Chain grocery stores won’t go near Poolesville. The town of 5,000 is too small to support a big supermarket.
But three days a week, Monica Bulat opens the doors of Mixed Greens Market, the nonprofit local store she started in July, selling everything from locally grown lettuce to mint-chocolate vegan cupcakes. She has been expanding her product lines — and her hours.
As large chains have eschewed opening a location in Poolesville, she and customers have made do, pioneering a model of how small communities might obtain their food in the future.
“It’s more of a communal social experiment,” she told a customer on a recent Saturday.
A year ago, Poolesville’s only grocery store, Selby’s Market, closed. Some of the main causes were a lack of town growth, higher costs and dwindling customer support, said Roy Selby, whose father and uncle opened the store in 1946.
“I feel bad for the community. The town needs a grocery store. But I don’t know what the prospects are,” he said.
“Poolesville’s size had something to do with [having to close] — it’s growing now. Had it been five or six years ago, like now, I might still be there. But I can’t guarantee it,” he said.
Bulat said she started asking residents, “If I opened a store, what would you want?”
She found a space after partnering with Steve Goldberg, who runs Hearthside Home and Garden, an antiques and gardening store on one of the main roads in town.
“I just thought there was a similarity between the type of client who would want an organic vegetable or herb plant in their garden or who would purchase antiques and a person who would like locally sourced products,” he said.
He let Bulat use a section of his store. A pile of pumpkins adorned a table at the store’s entrance. Donated freezers held packets of ground beef and lamb and other vacuum-packed cuts of meats. Against a cabinet in the back of the space was a stand of salad dressings and sauces by the fourth-generation company McCutcheon’s. Next to Bulat’s checkout counter, there was another fridge for her milks, eggs and yogurt.

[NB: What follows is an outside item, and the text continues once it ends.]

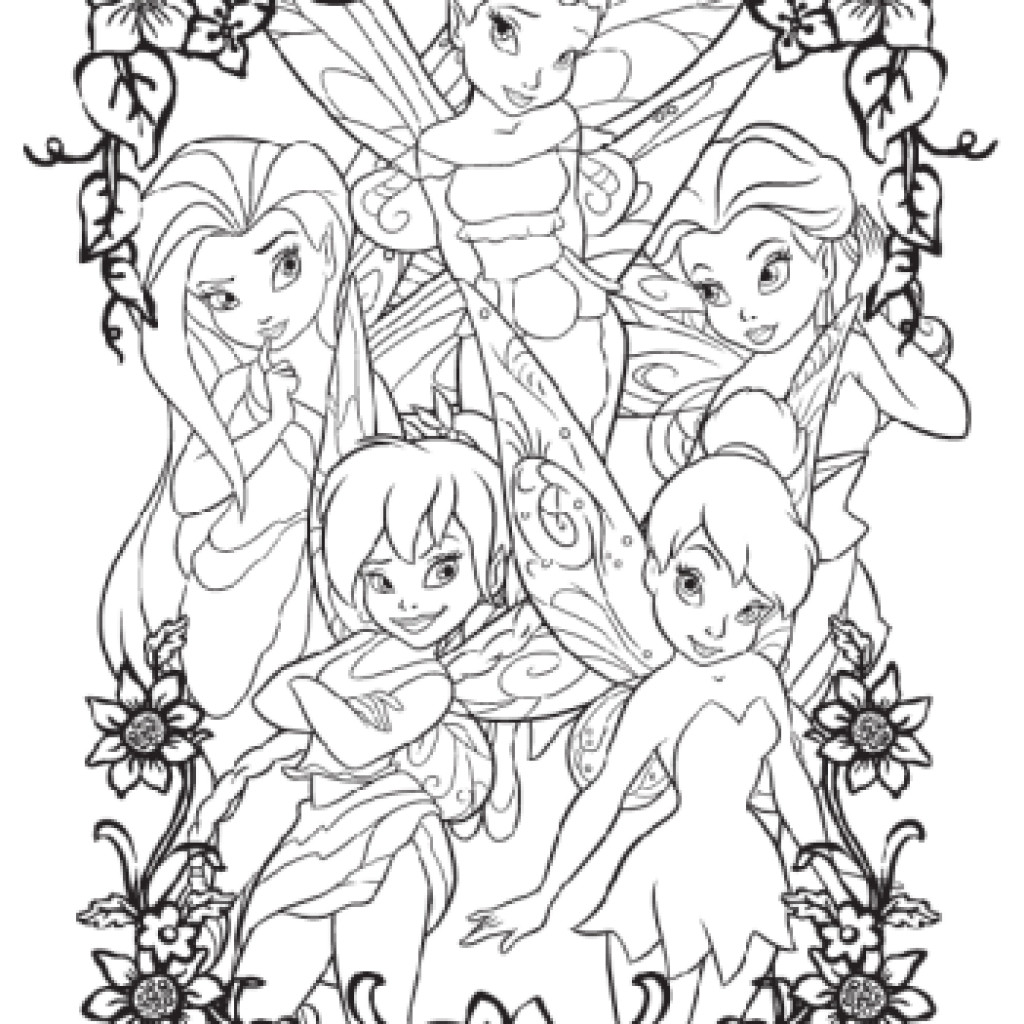1024x1024 Tinkerbell And Her Friends Coloring Pages Dringrames Org Endear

There were vegan cupcakes, specialty goat cheese and carefully packed bags of greens — swiss chard, spinach and lettuce freshly picked from a greenhouse.

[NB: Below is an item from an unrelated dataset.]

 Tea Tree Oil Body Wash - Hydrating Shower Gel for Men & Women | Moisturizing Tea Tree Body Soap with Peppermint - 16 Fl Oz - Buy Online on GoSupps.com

Bulat started posting her products and store hours on the town’s 1,200-member community Facebook page, using it as a way to gauge what people wanted and whether they’d really give a new grocery store a chance.

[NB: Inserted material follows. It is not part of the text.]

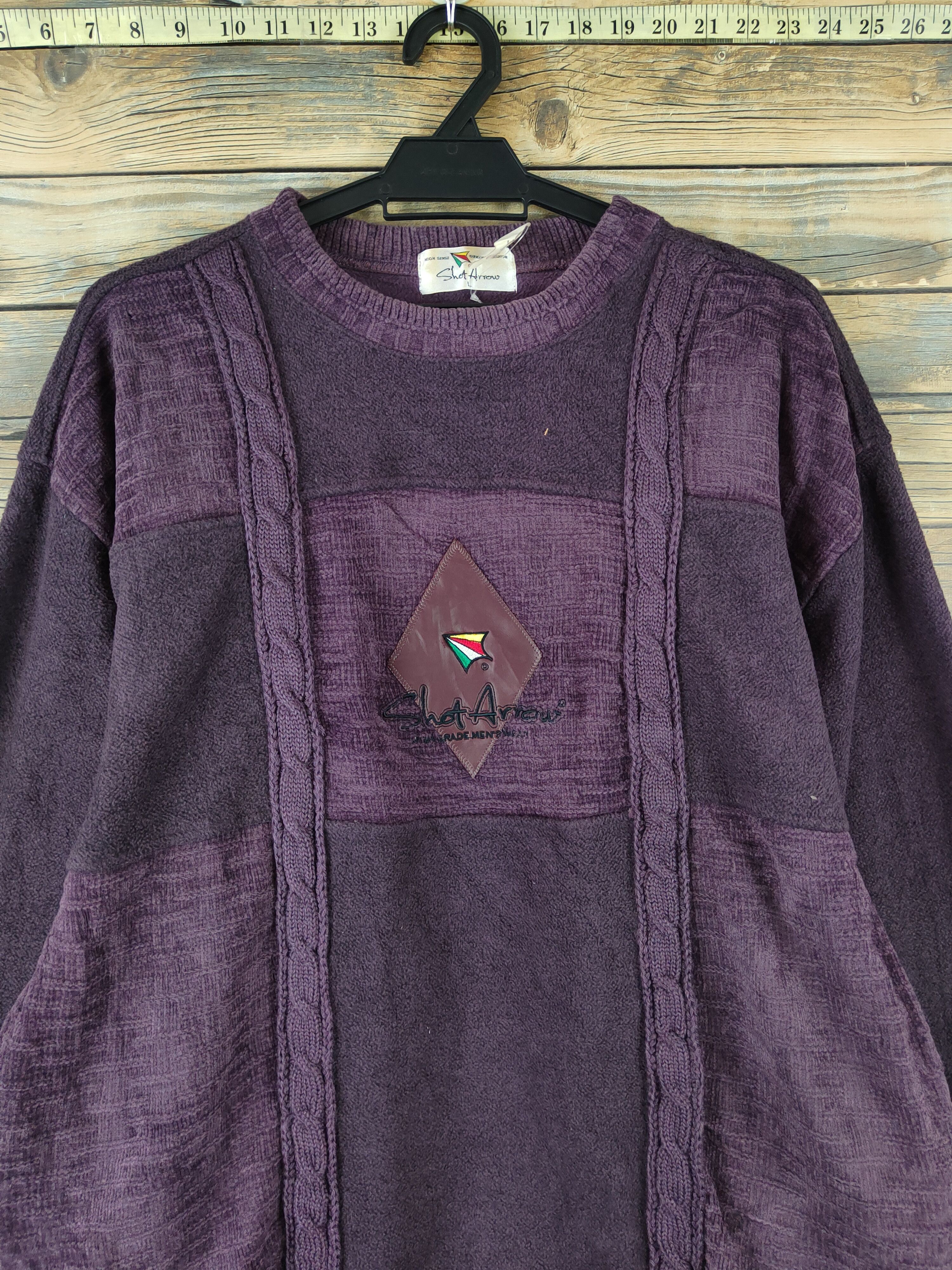 Japanese Brand × Vintage DL Short Arrow Purple Wool Sweatshirts #373 Size US L / EU 52-54 / 3 - 3 Thumbnail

She opened in mid-July, operating on Saturdays and Sundays.
By August, she upped the store’s schedule to three days a week and in February will expand to four days, she said. She sells about $800 to $1,000 of food a week, she said. To rise above that, she will have to expand.
“Since we added the dairy component, our business has gone up a third,” said James “Chef Jim” Woods, who works with Bulat.
A box of lettuce runs $4.50. Half-gallon cartons of organic milk are $5.
Ultimately, she hopes to pay herself a salary, but it depends on Mixed Greens’ sales revenue and whether or not her board will be able to afford to pay for her, she said.
“I know I’m not going to be everything for everyone,” she said. But she said she hopes Mixed Greens could become a community-owned and -run cooperative.
Virginia Marshall, a longtime resident and teacher at Poolesville High School, lived close enough to the town’s old grocery store that she could walk to get her food every day. When it closed, it left her in a tight spot.
The new market opening, she said, “has been a godsend.”